Internal load balancing uses the same forwarding rule, backend service, and health check resources as HTTP(S) load balancing, but with some new command parameters. This section explains only the new parameters. Existing parameters are explained in the gcloud command-line tool reference.

Forwarding rule

For Internal load balancing, the forwarding rule points directly to a backend service in the same region as the forwarding rule. This section describes the new parameters in the context of the create command. The commands for get, list, describe, and delete remain the same. See the forwarding-rules gcloud command for explanations of other parameters.
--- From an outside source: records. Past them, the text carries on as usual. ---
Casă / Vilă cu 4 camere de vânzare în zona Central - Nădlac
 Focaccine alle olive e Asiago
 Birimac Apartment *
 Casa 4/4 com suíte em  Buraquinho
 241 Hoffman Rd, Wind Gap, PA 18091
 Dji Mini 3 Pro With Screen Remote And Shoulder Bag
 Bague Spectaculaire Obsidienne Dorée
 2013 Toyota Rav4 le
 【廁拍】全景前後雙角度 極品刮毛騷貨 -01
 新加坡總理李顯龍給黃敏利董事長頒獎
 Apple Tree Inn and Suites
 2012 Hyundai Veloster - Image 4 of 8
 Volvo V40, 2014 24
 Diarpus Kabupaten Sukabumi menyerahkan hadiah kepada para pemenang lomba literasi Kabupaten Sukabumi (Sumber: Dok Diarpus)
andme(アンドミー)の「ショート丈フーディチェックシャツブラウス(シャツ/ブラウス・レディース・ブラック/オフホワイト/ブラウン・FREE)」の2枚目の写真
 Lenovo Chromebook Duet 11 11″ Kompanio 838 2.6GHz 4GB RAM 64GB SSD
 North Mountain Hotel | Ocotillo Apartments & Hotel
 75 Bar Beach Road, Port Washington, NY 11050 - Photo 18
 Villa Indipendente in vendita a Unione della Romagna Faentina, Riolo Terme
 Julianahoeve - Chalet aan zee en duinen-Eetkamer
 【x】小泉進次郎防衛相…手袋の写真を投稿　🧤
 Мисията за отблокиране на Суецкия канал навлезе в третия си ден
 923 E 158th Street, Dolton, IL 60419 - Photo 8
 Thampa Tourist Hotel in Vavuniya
New forwarding-rules create parameters

gcloud compute forwarding-rules create NAME \
    --load-balancing-scheme internal \
    [--address] \
    --region \
    [--protocol]
    --ports PORT,[PORT,…] \
    --backend-service NAME \
    [--subnetwork] \
    [--network]
  • --load-balancing-scheme — for Internal load balancing, this parameter must be specified as internal. Initially, this parameter is only supported for Internal load balancing
  • --address — the target IP address of the Internal load balancer. When the load balancing scheme is internal, this can only be an RFC1918 IP address belonging to the subnet configured for the forwarding rule. In this case, an external address cannot be used. If this parameter is unspecified and the load balancing scheme is internal, the IP address for the forwarding rule is automatically allocated from the internal IP range of the subnet or network configured for the forwarding rule.
  • --region — the region where the forwarding rule is created. Global forwarding rules are not supported for Internal load balancing.
  • --protocol (default: tcp) — The protocol, either tcp or udp, that the Internal load balancer will process.
  • --ports — A parameter that lets you specify 1-5 ports in a comma-separated list. Only packets destined for listed ports are forwarded.
  • --backend-service — the backend service that will receive all traffic directed to the forwarding rule.
  • --subnetwork — The subnet that this forwarding rule applies to. When configured for Internal load balancing, the internal IP of the forwarding rule is assigned from this subnet. If the network is in auto subnet mode, the subnet is optional because it can be determined from the region. However, if the network is in custom subnet mode, a subnet must be specified. Instances configured as backends for an Internal load balancer may belong to different subnets in the same region.
  • --network — The network that this forwarding rule applies to. When configured for Internal load balancing, the internal IP of the forwarding rule is assigned from this network. If this field is not specified, the default network will be used. In the absence of the default network, this field must be specified.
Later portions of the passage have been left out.